Passing the NPTE is a critical step in ensuring a candidate has the requisite knowledge to practice safely and effectively. There should be no barrier to any candidate taking the NPTE when considering factors they cannot control, such as race, ethnicity, gender assignment at birth, language, age, disability, or socioeconomic status.

FSBPT's job is to ensure that candidates have an unobstructed opportunity to demonstrate whether they have the knowledge and skill requirements to meet the minimum entry-level requirements to practice physical therapy safely and effectively. To do that, the NPTE and other assessments must contain questions that test only the knowledge of physical therapy practice and avoid US-centric jargon or language that would cause potential differential performance that may favor one candidate over another.

What terms might be unclear? For example, "football" means different things depending on location. Some think of it as a game in which an oval ball is moved forward by running or passing with the hands. Others defined football as a game with a round ball that may not be touched with the hands or arms. Therefore, describing a patient as having been injured playing football might confuse candidates from different parts of the world depending on their expectation

Ensuring fairness is a challenging process, and no one part of the process represents all the various perspectives at play. Accomplishing fairness requires attention throughout all stages of item development.

FSBPT has a rigorous item development process designed to support evidence of content validity at every stage of item development. FSBPT starts by recruiting a diverse group of licensed PTs and PTAs to volunteer to write items and serve on the FSBPT Examination Development Committees and other task forces and committees related to item writing. As a committee, FSBPT volunteers must be representative of the profession in terms of specialty, area of practice, practice setting, geographic location, gender, race and ethnicity, and other pertinent factors.
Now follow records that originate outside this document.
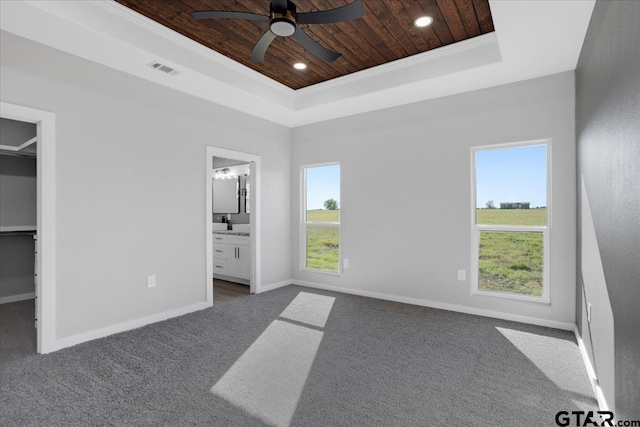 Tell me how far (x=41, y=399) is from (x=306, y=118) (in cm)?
418

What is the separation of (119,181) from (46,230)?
76cm

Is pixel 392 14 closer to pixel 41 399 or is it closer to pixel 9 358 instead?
pixel 41 399

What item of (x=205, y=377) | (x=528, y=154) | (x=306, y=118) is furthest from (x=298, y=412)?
(x=306, y=118)

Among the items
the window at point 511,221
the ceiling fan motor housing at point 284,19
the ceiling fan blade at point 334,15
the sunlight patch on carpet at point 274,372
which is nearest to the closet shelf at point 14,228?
the sunlight patch on carpet at point 274,372

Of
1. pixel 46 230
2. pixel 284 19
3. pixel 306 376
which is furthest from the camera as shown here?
pixel 46 230

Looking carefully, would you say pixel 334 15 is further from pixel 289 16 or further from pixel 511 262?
pixel 511 262

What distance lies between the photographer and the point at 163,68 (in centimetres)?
331

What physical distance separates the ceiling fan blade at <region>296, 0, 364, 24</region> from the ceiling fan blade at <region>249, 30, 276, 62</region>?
1.00 ft

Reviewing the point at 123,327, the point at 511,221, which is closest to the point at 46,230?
the point at 123,327

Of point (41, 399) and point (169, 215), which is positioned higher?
point (169, 215)

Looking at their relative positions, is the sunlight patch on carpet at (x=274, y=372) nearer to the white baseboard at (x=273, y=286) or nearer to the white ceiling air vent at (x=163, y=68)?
the white baseboard at (x=273, y=286)

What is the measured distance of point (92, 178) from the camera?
3.19m

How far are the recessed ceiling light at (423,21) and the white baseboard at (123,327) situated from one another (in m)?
3.81

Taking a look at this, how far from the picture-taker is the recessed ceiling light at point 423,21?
291 cm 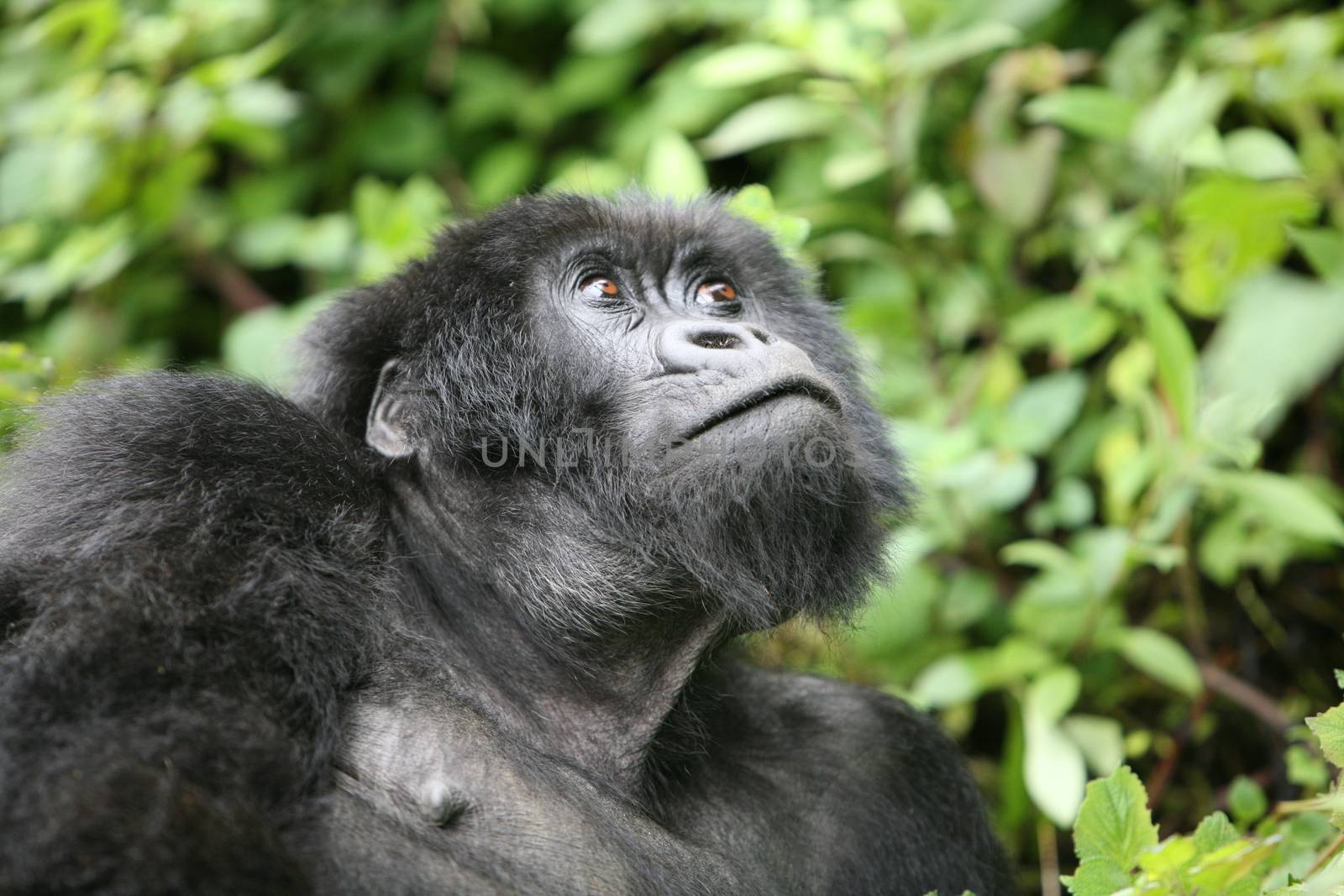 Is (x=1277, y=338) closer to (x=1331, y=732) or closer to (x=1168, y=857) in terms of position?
(x=1331, y=732)

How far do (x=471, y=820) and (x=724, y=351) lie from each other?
1127mm

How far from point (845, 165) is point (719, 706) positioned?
7.72 ft

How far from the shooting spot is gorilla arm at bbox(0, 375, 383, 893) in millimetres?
2062

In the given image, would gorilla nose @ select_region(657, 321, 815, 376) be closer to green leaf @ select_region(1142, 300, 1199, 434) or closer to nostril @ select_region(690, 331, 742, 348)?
nostril @ select_region(690, 331, 742, 348)

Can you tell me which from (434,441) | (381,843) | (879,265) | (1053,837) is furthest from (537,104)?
(381,843)

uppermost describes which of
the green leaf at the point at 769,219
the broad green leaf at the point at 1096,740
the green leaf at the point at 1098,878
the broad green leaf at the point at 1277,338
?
the green leaf at the point at 769,219

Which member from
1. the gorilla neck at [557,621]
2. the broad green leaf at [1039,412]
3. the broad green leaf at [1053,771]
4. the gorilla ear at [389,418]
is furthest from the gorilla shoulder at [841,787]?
the broad green leaf at [1039,412]

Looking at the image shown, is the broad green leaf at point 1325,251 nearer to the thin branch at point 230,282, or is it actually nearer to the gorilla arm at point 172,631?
the gorilla arm at point 172,631

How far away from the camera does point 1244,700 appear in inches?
176

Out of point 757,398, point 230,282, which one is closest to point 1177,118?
point 757,398

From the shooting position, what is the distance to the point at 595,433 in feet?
9.68

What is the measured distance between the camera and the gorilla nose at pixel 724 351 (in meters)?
2.87

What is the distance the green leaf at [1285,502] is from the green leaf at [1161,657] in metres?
0.52

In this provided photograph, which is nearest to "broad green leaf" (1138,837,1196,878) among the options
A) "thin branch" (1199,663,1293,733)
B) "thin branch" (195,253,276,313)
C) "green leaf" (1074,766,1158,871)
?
"green leaf" (1074,766,1158,871) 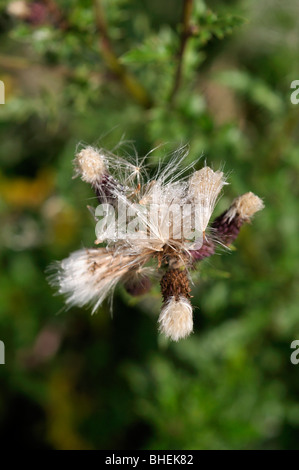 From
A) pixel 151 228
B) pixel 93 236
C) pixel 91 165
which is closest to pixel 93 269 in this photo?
pixel 151 228

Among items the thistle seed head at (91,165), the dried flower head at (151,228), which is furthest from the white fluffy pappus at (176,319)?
the thistle seed head at (91,165)

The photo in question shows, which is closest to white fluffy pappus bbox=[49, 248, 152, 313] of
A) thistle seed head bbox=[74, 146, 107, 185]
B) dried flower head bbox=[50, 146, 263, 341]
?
dried flower head bbox=[50, 146, 263, 341]

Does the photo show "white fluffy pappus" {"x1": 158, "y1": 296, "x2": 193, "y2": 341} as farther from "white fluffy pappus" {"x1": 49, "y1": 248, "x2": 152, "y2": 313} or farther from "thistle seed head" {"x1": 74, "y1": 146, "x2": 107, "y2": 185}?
"thistle seed head" {"x1": 74, "y1": 146, "x2": 107, "y2": 185}

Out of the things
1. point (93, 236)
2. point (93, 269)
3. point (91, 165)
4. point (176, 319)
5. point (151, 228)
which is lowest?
point (176, 319)

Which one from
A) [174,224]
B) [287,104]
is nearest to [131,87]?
[287,104]

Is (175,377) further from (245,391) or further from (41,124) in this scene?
(41,124)

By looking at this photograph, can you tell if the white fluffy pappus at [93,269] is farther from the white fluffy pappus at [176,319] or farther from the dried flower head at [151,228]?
the white fluffy pappus at [176,319]

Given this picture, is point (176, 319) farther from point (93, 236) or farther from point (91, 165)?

FSBPT employs a variety of recruitment efforts that include sending notices to specialty groups, advertising at conferences and workshops, and encouraging our existing volunteers, including volunteers who work with minority students, to recommend volunteers.

FSBPT provides formal training to our item writers, item writer coordinators, and committee members on an annual basis on how to ensure that items not only clearly reflect respect and sensitivity to all individuals but also reflect knowledge that is important to physical therapy. Questions must be linked to the NPTE content outlines, have only one unambiguously correct answer, and test knowledge that is relevant to public protection.

Training also includes how to help subject matter experts apply their unique content expertise to item writing and use terms that do not favor one candidate over another. An important aspect of training includes how to reduce construct irrelevant variance by eliminating extraneous or cueing content, for example, content in the question that suggests which answer is correct without requiring the knowledge that is being tested. FSBPT does this in myriad ways, including regularly sharing feedback on items that have been modified for fairness to groups reviewing items.
As part of our ongoing training, FSBPT provides an item writing notebook that includes a checklist of qualifying criteria that reinforces how to minimize bias and maximize fairness across all items. FSBPT checks the items for fairness and for quality at multiple levels of item development. In addition to volunteers and committees, staff physical therapists verify the content of each item, and staff editors evaluate items for style and clarity.

The NPTE Style Manual enforces style conventions, which help provide a consistent testing experience for candidates. This allows them to focus on the content of the questions, rather than distracting or alarming details that might interfere with their thinking process.

For example, the NPTE Style Manual recommends the following:

  • Clinical rather than colloquial terms: "residual limb" not "stump"
  • US customary and metric units for most measures: distance in feet and meters
  • Most abbreviations are spelled out: "ankle-foot orthosis" not "AFO"
    • Acceptable abbreviations are included in the Candidate Handbook
  • Generic terms are used for medications, in most cases followed by a common brand name: lisinopril (Prinivil)
  • Generic terms are used for equipment: "elastic resistance bands" not "Theraband"
  • Patient's age in number of years rather than in generic terms, such as "elderly"

Some of our preferred language is also intended to reduce bias in NPTE questions:

  • Gender-neutral references to patients and therapists
  • "Patient first" language: "A patient who has diabetes" not "a diabetic patient"
  • A patient reports a symptom instead of complains of a symptom
  • A patient adheres to treatment instead of complies with treatment, as compliance implies control and enforcement
  • A patient sustained an injury instead of suffered from an injury, as suffered is an emotional term that implies helplessness

FSBPT also trains volunteers annually on how to use the bias and sensitivity scale, which assesses whether the item avoids language that may foster stereotypical, inappropriate, inflammatory, or derogatory terms towards racial, ethnic, gender, or any age groups. When in doubt, volunteers can flag items to undergo closer review by the Fairness Review Committee.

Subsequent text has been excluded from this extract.